Tetrodotoxin is a protein toxin from puffer fish that blocks the opening of voltage-gated sodium channels at quite low doses. Assume a researcher applies this drug to just the postsynaptic pair of two neurons (the presynaptic neuron we will assume is the mechanically-sensitive spinal neuron described above, and the post-synaptic cell is a relay neuron receiving input from the first cell in the spinal column). Draw the response of the post-synaptic cell to three stimuli of different intensity (gentle, medium, and intense). Be sure to label all axes.

Although it is not possible for me to draw this for you, there are a few concepts that I can write and this might help you to be able to do the drawing or, at least, understand the concept.

Tetrodotoxin is a toxic substance produced by puffer fish that in certain amounts can become completely lethal. However, in recent years TTX has been also found to be useful for the treatment of several conditions, including problems with the bladder, blockage of pain, and other medical circumstances.

What TTX does, basically, is to establish a blockade, particularly of sensory neurons, preventing action potentials from generating, and much less from propagating between firing neurons. The process by which this happens is that TTX will not allow sodium ion channels to open, and since sodium cannot pass into the cell, the action potential cannot be generated. Thus, in large amounts, TTX can generate death as the neuronal cells are unable to produce any action potentials.

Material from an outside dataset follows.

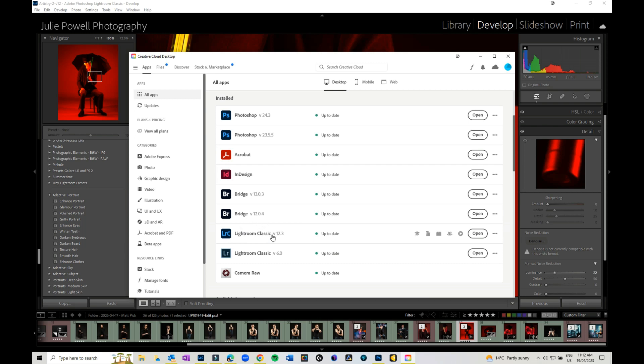If you're not up to date, it would have Lightroom Classic 12.3 ready to update. So you could go and install the update from there. Mine are all up to date, so that's what it's saying.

However, in this particular case we are talking about a therapeutic dosage. So, when the researcher applies it to the postsynaptic neuron, this means that even though neurotransmitters are being released by the presynaptic neuron, to generate an action potential post-synapse, the post-synaptic neuron will not respond, will be incapable of propagating the action potential, because its sodium channels will not open.

However, as said, since the dosage is minimum and at therapeutic levels, it has been found that depending on the level of stimulus sent by the presynaptic neuron, the effects of TTX can be overcome, even if not completely and what is achieved is a controlled, less intense, excited response from the post-synaptic neuron. If the stimulus is small, or gentle, then TTX´s effect will overcome the capacity of the stimulus to force the neuron´s channels to open. But when the medium and intense stimulus (releasing a much higher dose of ACh into the synaptic space) takes place, research has shown that ACh may interact with TTX and produce a moderated response from the postsynaptic neuron. This moderation is what is being sought for in conditions as bladder afferent responses to distension.